Step 1: Parts and Pieces
There aren't many parts to this build, and most can easily by scrounged from old TVs and other electronics or be bought for cheap. The following is needed:
Bug zapper racquet: This can be purchased from Ocean State Job Lot for about 5 bucks, and is nifty for fending of mosquitos or high voltage experiments. There are probably other types of devices very similar, but I would recommend finding the racquet pictured to insure the internal circuitry is the same.
Flyback transformer: Any flyback transformer will do, though the bigger the better. Don't kill yourself looking for an old non-rectified design, since there are no benefits of it for this circuit.
Random assorted hardware: This circuit requires a spark gap to be constructed. The design of the spark gap can vary, as long as the two ends where the arc jumps is rounded, and the gap adjustable. For mine, two Erector set brackets were used. One had a ball bearing soldered to it, the other a nut over top the hole, so a bolt with an acorn nut on the end can be threaded through.
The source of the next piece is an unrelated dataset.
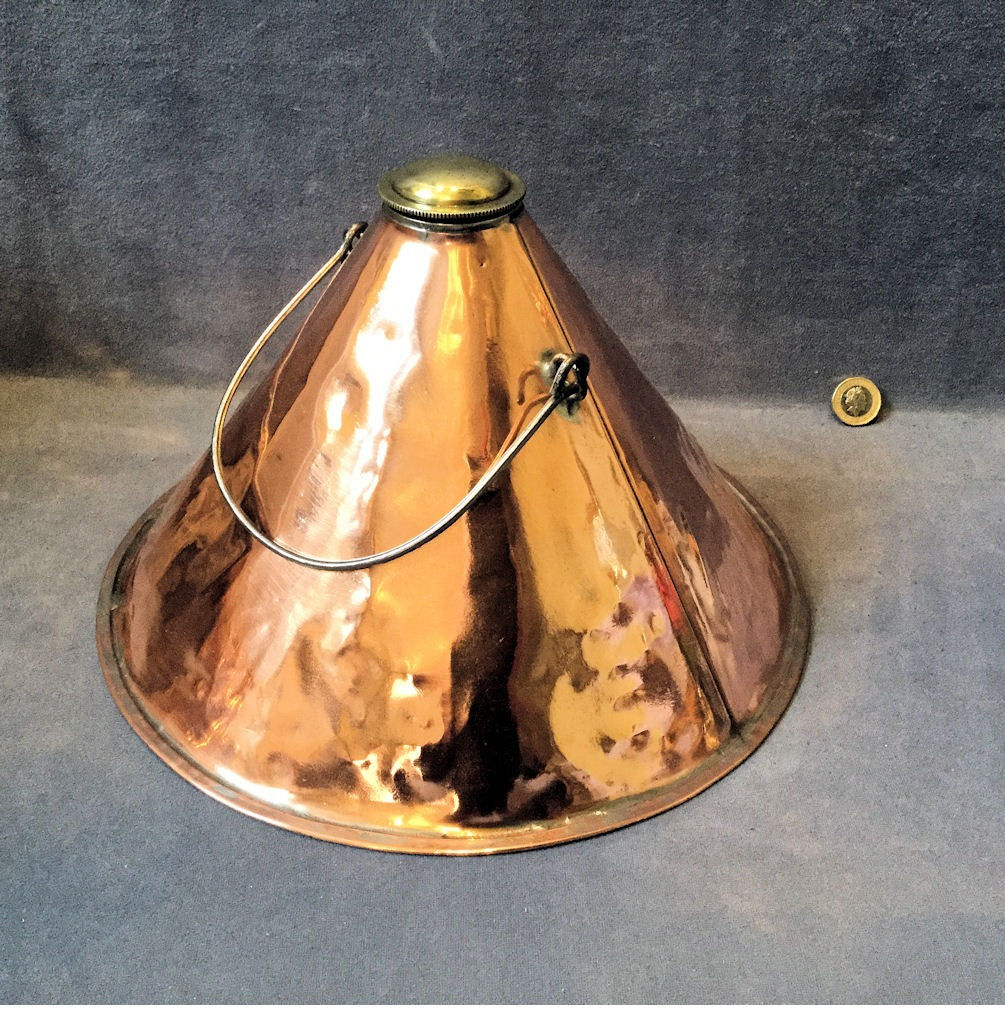 Copper Bedwarmer — Copper, late 19th century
See the attached picture for the details.
2xAA battery holder: Can be purchased from Radioshack or the bug zapper handle can be used to hold the batteries.
Additional Capacitors: Should be rated for at least 1.6 KV. The Bug zapper already contains one, but for bigger sparks more can be used.
Toggle Switch: The switch on the board of the bug zapper can be difficult to use, and because of the design of the bug zapper circuit, floats at high voltage, leading to a shock hazard when it is exposed. Because of this, a new switch is recommended.
Pen body or other plastic tube: To elevate the top load
Top load: I used a ball bearing, but anything smooth and without sharp edges or points can be substituted.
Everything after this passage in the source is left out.